----- Supplied records

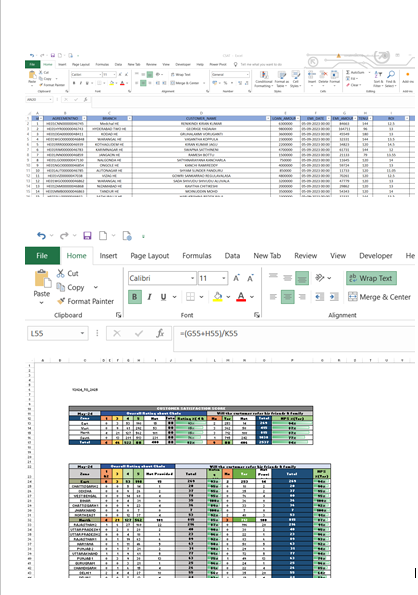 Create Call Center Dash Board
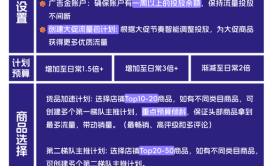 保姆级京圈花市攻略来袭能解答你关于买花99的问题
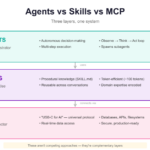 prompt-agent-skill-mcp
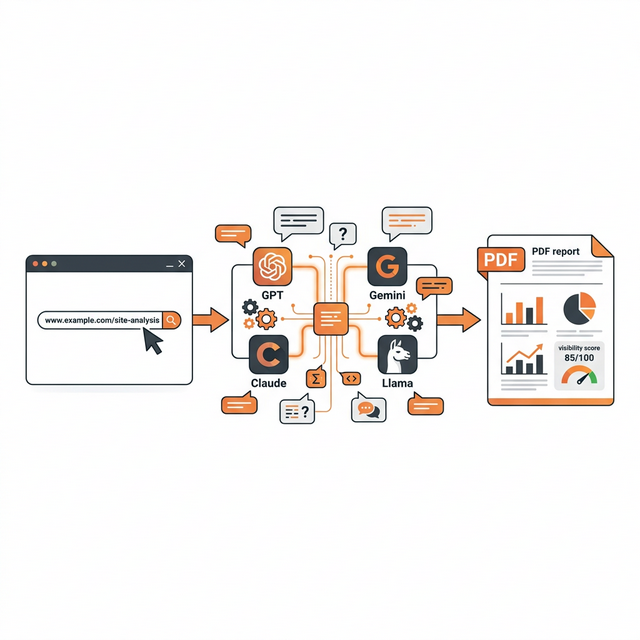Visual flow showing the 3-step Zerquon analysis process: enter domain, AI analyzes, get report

----------
----- Supplied records

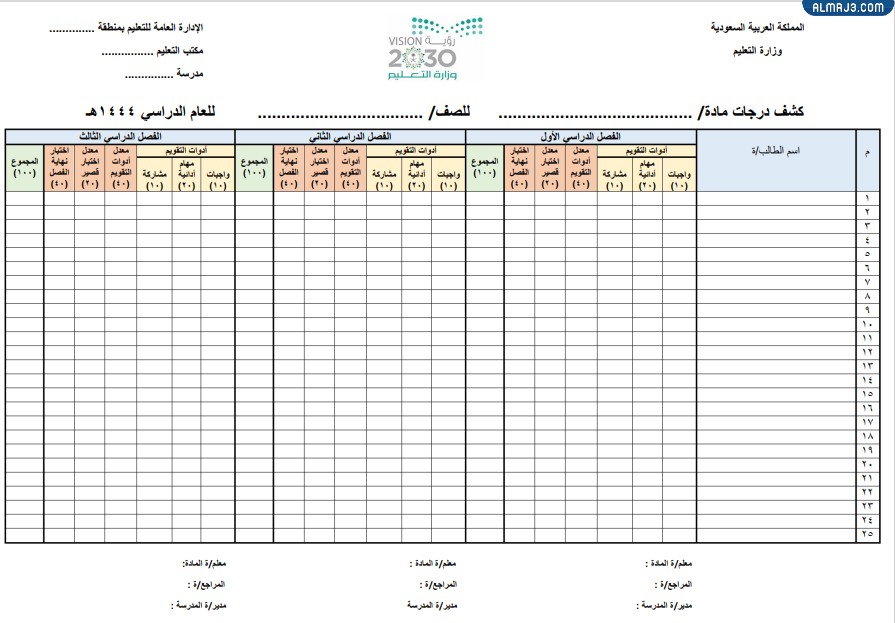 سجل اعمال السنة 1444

----------

§ Problem to solve:
Though the entries above contain pictures, none should be copied; reproduce only the lines between the one holding "prompt-agent-skill-mcp" and the one holding "Visual flow showing", inclusive, exactly as written.

§ Answer to the exercise:
 prompt-agent-skill-mcp
Visual flow showing the 3-step Zerquon analysis process: enter domain, AI analyzes, get report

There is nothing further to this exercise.